The church that I pastor is 112 years old; it was once healthy and vibrant in the 80’s and 90’s, but it then dwindled down to almost twenty. When I arrived the Gideon effect was in full force, and that was how I viewed it: God had removed the ones which needed to be removed for our new calling—to plant multiple churches within the Richmond, Virginia area. With only over a hundred people in two years, that’s enough to begin church planting. We’re going for it!
Your Battle Plan
So, what should you do if you think you’re in the midst of the Gideon effect? The first thing is obvious; seek God’s ear, heart, and voice—get as close to God as you can. Start asking Him about the vision and mission of the church. Next, focus more on discipleship, fine-tuning, and gospel permeation. God may have you in a season when it’s imperative to sit quietly and listen, while you’re being fortified for a new commission. It’s like Paul and Barnabas being called to Antioch from Jerusalem: the Scriptures say, “when they had completed their service” in Jerusalem, they went on to Antioch and the “Holy Spirit said, ‘Set apart for me Barnabas and Saul for the work to which I have called them’” (Acts 12:25; 13:2 ESV). Upon fasting, prayer, and the laying on of hands for mission, they were sent out to church plant again. The idea is that they were called after their service was complete. You may have completed the first part of your mission, but are you waiting on orders for a new call, or worried about the amount of troops?
Sometimes our intentions are right, but our focus is wrong. We’re so busy “doing” ministry that we’re not listening.

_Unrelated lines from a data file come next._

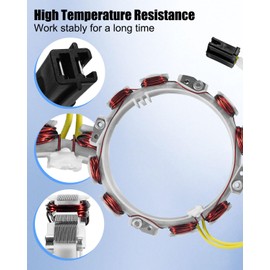 846882 Alternator Stator Charging Coil Fit for Briggs & Stratton V-Twin Engines 295347 305447 356447 Series 16HP-23HP, Lawn Mower Generator Stator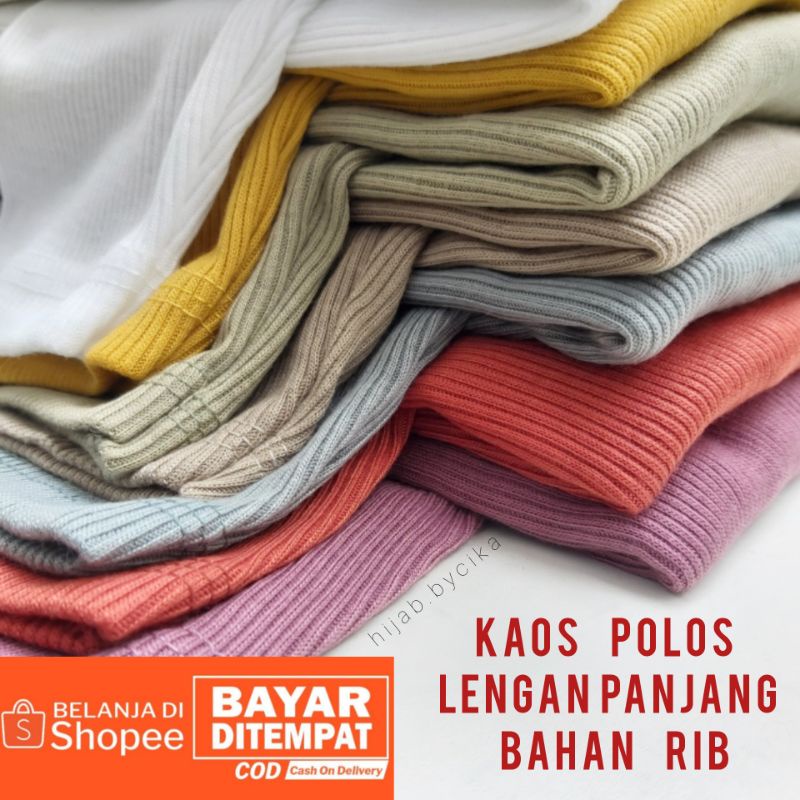 KAOS WANITA / KAOS WANITA LENGAN PANJANG / KAOS PANJANG WANITA / KAOS LENGAN PANJANG WANITA / ATASAN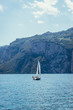 Segelboot am Gardasee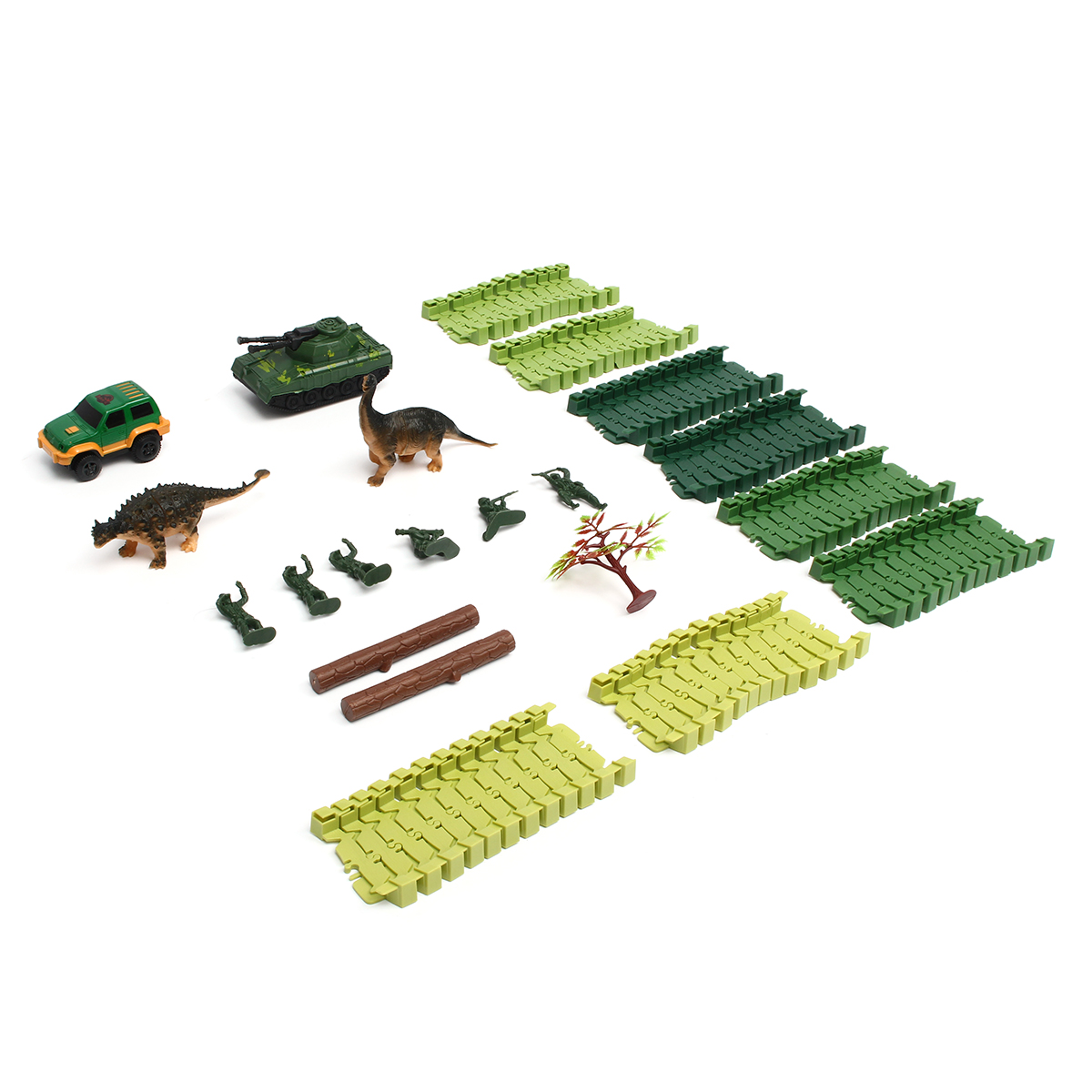 DinosaurDinoWorldChildrensFlexibleRaceCarTrackToysConstructionPlay-SetToy-1430539-7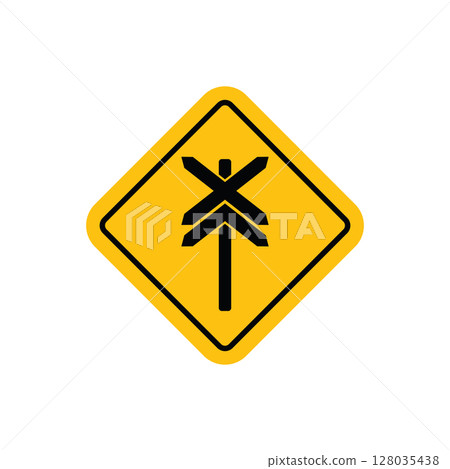 Train sign railway symbol 128035438
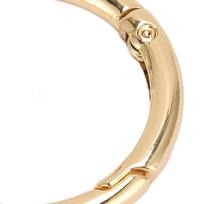 20pcs 40MM Spring O Rings Gold Spring Clasps Jewelry Tools Snap Clips  Purse Bag sidabras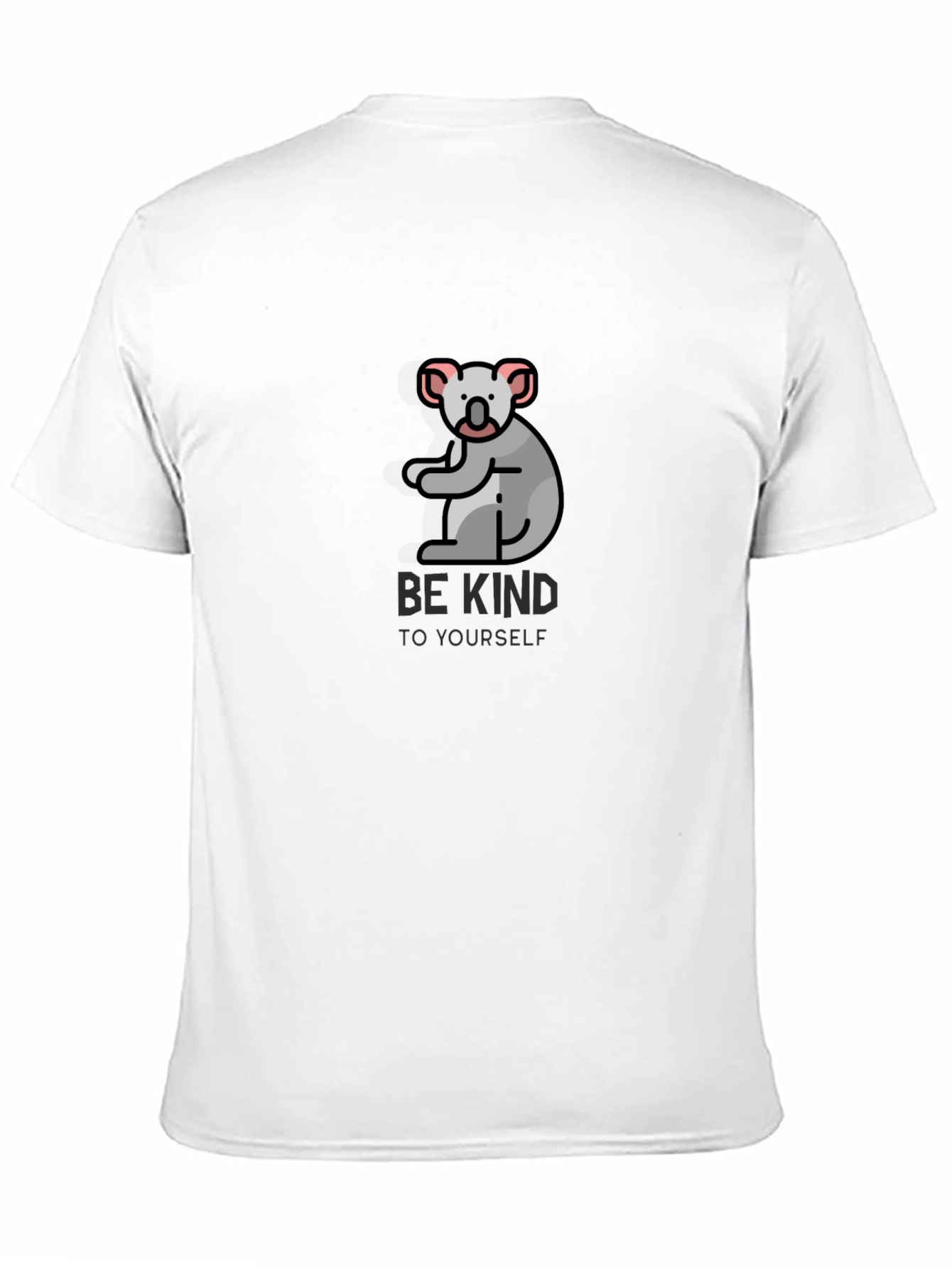 Be Kind Koala Black T-Shirt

God may be intentionally working in the hearts and minds of certain people and connecting them (transferring) to other parts of the body, while He is fortifying the one you’re in. Time to lay low in the bunker. If there is a difficult task, God may not want people who are going to cause division or become doubtful. As Gideon found out, God directed him, “Now therefore proclaim in the ears of the people, saying, ‘Whoever is fearful and trembling, let him return home and hurry away from Mount Gilead.’ Then 22,000 of the people returned, and 10,000 remained” (Judges 7:3 ESV).
We should also note that the reduction of Gideon’s army did not happen in one fell swoop; it was a staged reduction in order to make sure that the right people stayed. God was sifting out the people that He desired, to proclaim victory. So, if you find your church in the midst of a reduction, you may be experiencing the Gideon effect—and that’s an awesome thing!